Return the data exactly, apart from leaving out the pictures.

# [Data section]

::::::

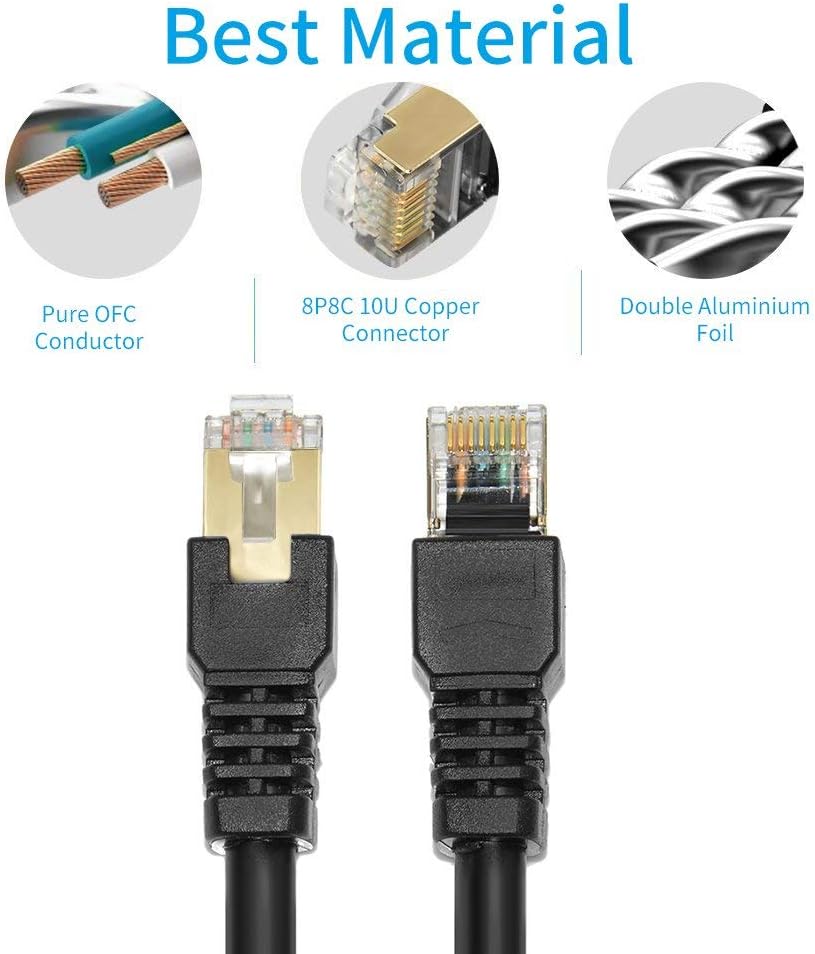 Outdoor Shielded Cat7 Ethernet Cable 400ft P551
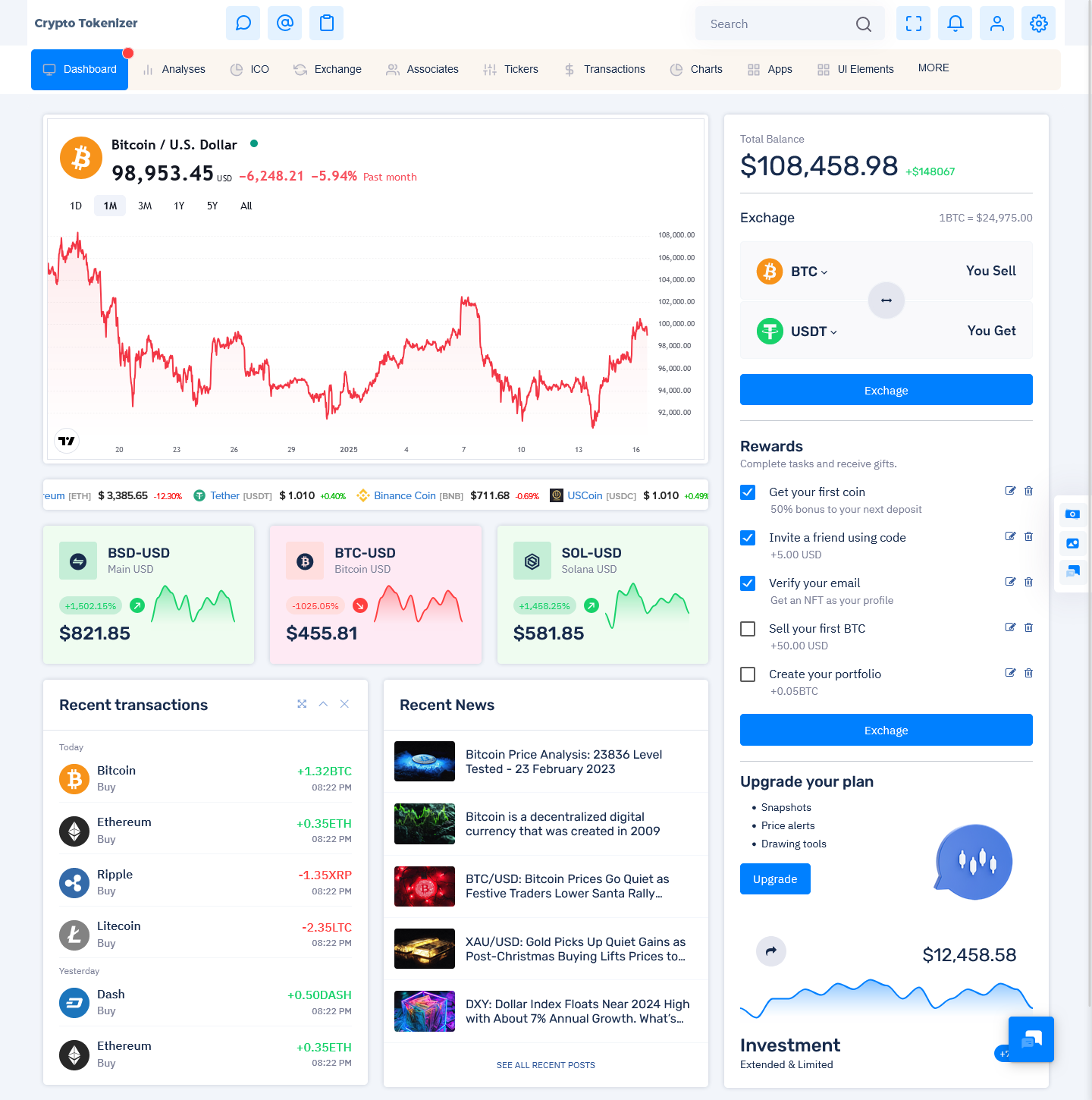 Real-time cryptocurrency chart view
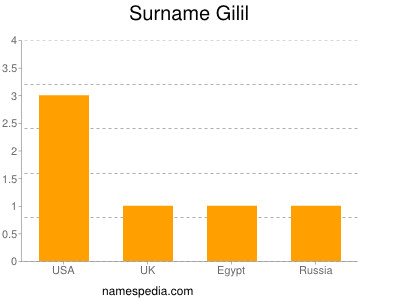 Surname Gilil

::::::

# [Output for this exercise]
 Outdoor Shielded Cat7 Ethernet Cable 400ft P551
 Real-time cryptocurrency chart view
 Surname Gilil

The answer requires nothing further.